Rather than dwell on the Comerica loss, Ameriprise executives on Thursday were quick to call attention to the firm’s addition of Huntington Bank as a client of its institutional division.
Huntington, which has turned to Ameriprise for brokerage, advisory and insurance services for its wealth management unit, Huntington Financial Advisors, is bringing roughly 260 advisors and $28 billion in client assets. Berman told analysts Thursday most of those assets will be added in the fourth quarter.
Ameriprise reported Thursday that net revenue for its Advice & Wealth Management segment rose by 14% year over year in the first quarter to $3.18 billion. Partially offsetting that was a 12% increase in operating expenses, which rose to just over $2.2 billion. Ameriprise attributed the increase mostly to “distribution expenses,” which mainly consist of advisor compensation.

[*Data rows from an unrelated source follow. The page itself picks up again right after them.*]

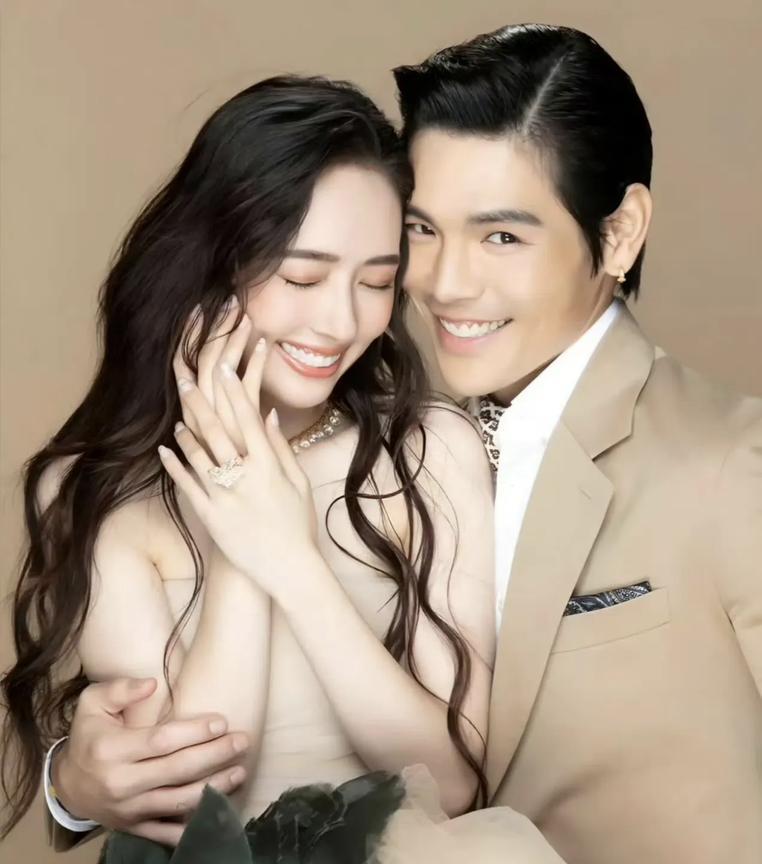 #郭碧婷向佐# 2025年5月29日，向佐发文感谢妻子郭碧婷。[心]他表示与妻子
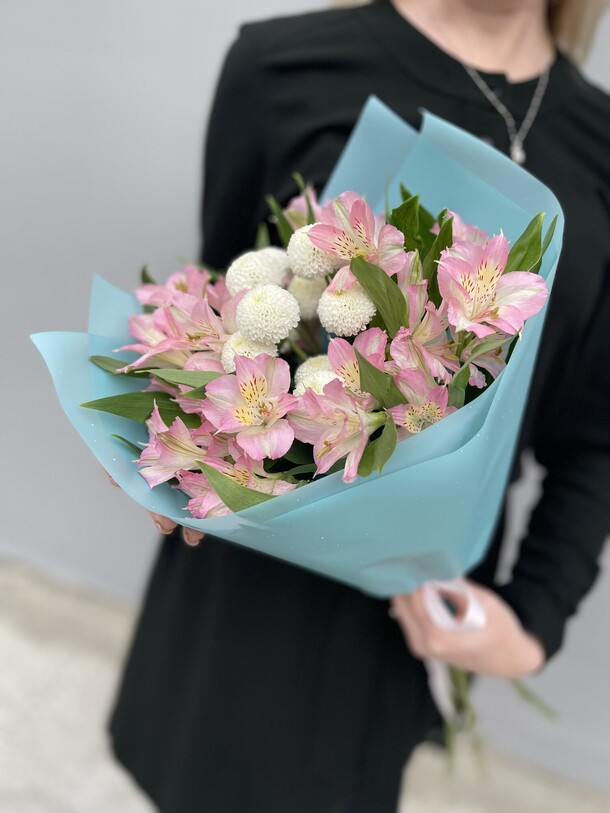 Милый букет с хризантемой и альстромеоией, артикул F1412286 - 2690 рублей, доставка по городу. Flawery - доставка цветов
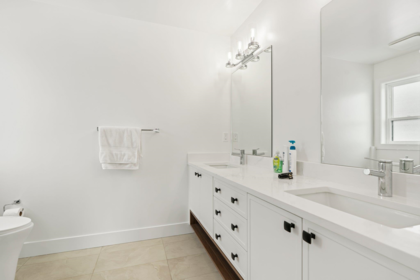 Powder Room Photo of 37 12635 63 Avenue, Surrey, BC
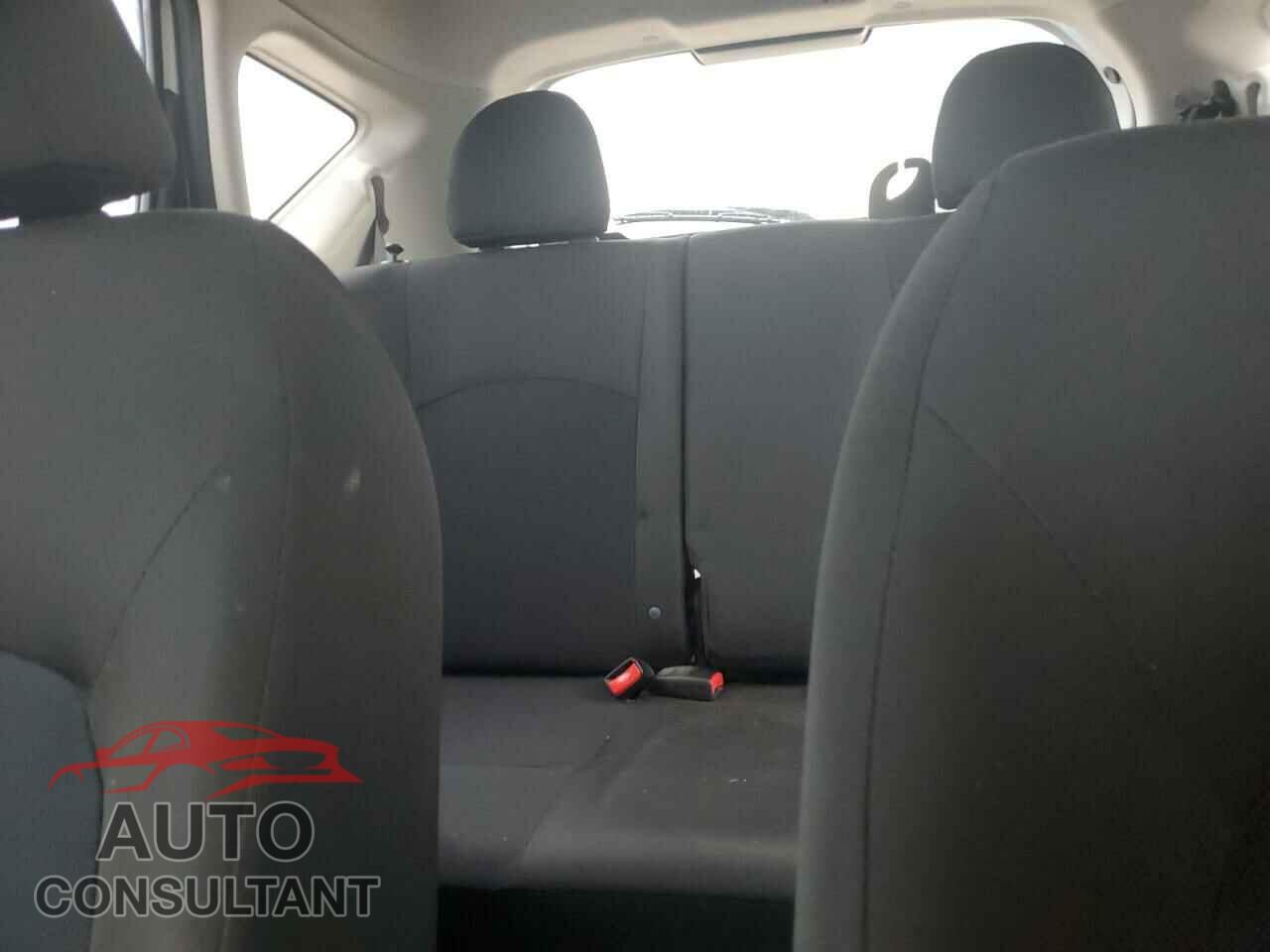 NISSAN VERSA 2019 - 3N1CE2CP3KL366188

The segment’s pretax operating margin — or the percentage of revenue left over minus expenses except taxes — was up 1.5 percentage points in the first quarter to 30%. Ameriprise reported its advisors had produced $1.16 million over the past year on average, a figure up 10% and a record high.
Ameriprise no longer reports its exact advisor headcount. It has put the number in recent press releases at “more than 10,000.”
For all of its businesses, including divisions for asset management and retirement and protection services, Ameriprise reported its operating net revenues were up by 11% year over year to $4.8 billion in the first quarter. Its net income was up by 57% to $915 million.